Aim of the task
Output must consist only of the lines of the material below from the one with "Broccoli & Cheddar" through the one with "Wood panelled room with full modern comfort", each reproduced exactly; no pictures belong in it.

Extracted information
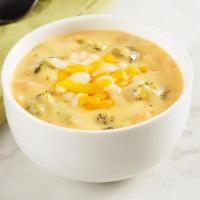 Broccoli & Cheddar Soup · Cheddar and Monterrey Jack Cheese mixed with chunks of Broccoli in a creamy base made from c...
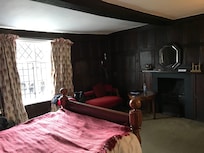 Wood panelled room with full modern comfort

---

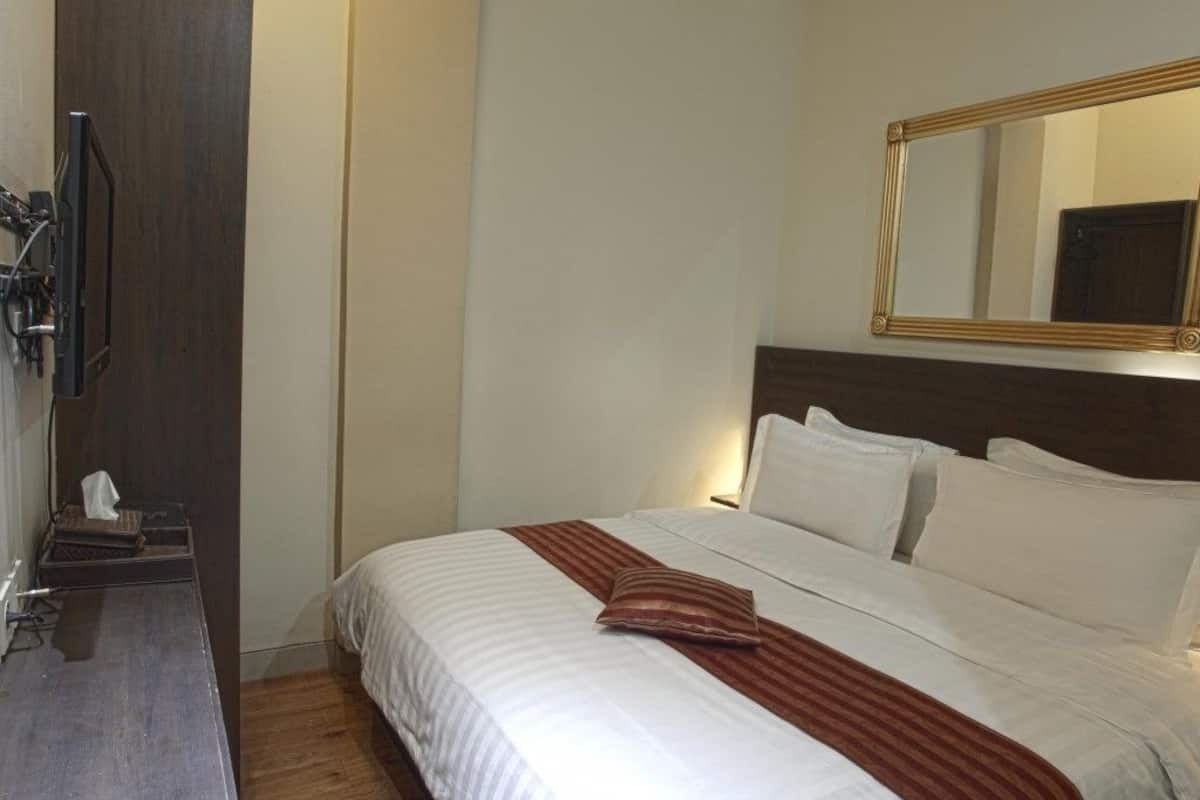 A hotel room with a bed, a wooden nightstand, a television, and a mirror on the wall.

Response
 Broccoli & Cheddar Soup · Cheddar and Monterrey Jack Cheese mixed with chunks of Broccoli in a creamy base made from c...
 Wood panelled room with full modern comfort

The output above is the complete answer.